We are happy to present the statistical overview of how 2016 went for the Estonian startup scene, including the stats about paid taxes, raised funding, the biggest employers, most popular industries and much more. We hope to start a tradition with this piece by doing our best to provide at least 2 statistical overviews of the local startup ecosystem a year - do let us know your thoughts and comments about our first edition!

There are currently a little over 400 startups in Estonia and roughly 90% of them are in the very early - prototyping, seed - or early stages of development. In the end of 2015, the startup count was about the same, due to natural selection and the fact that with launching the new startup database together with Funderbeam, we narrowed down the criteria for startups. So some have grown out of being a startup (celebrated already their 11th birthday) or on the other hand might still too early to be considered a company (“2 guys and a dog in a garage”).

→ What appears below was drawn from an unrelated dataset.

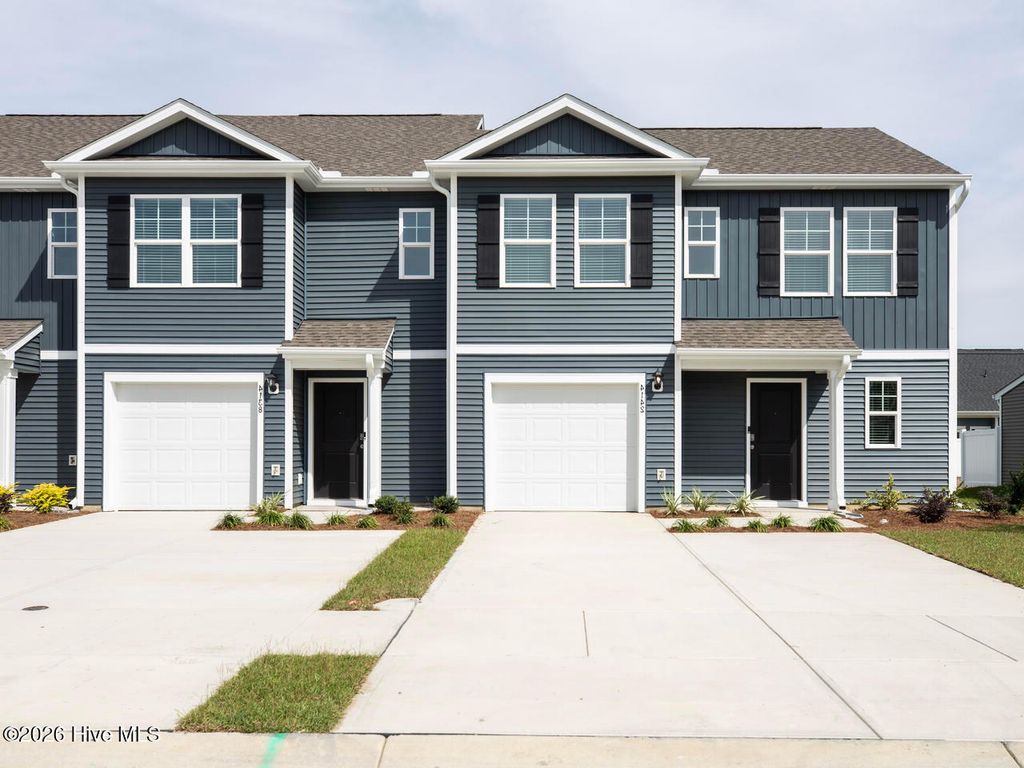 Photo of 204 Cashmere Court #Lot 34, Wilmington, NC 28411 (MLS # 100582731)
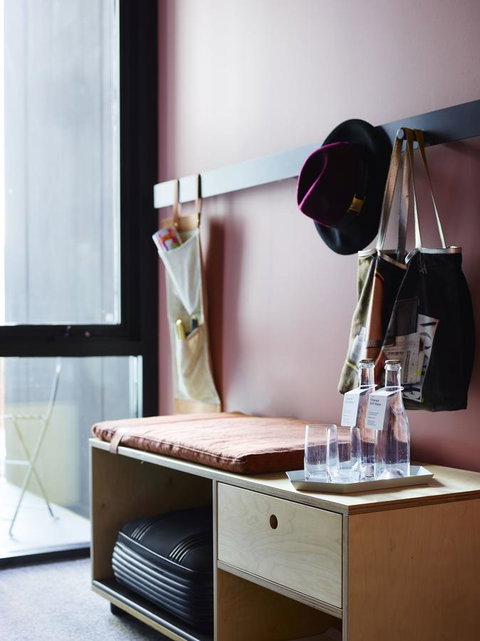 Alex Hotel - New Castle Holiday 30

Estonian startups are a heterogeneous bunch and cannot be defined by a ruling industry. Widest spread common keywords are “IT services” and “B2B”, which are rather vague. To narrow it slightly more, 4 more prominent categories do come out: 

Fuelling the economy. Although there is a belief that startups are mostly good at burning through money rather than making it, our statistics show that they are actually significantly and growingly contributing to the economy. By the end of Q3 2016, Estonian startups had already paid the same amount in employment taxes to the government as they did for the whole 2015. All in all, the startups' tax contribution grew from €21M in 2015 to €28M in 2016.

*Please note that the tax information for 2014 is presented only for the period of August to December and not for the whole year and quarterly. The tax contribution for the whole year was roughly double the amount.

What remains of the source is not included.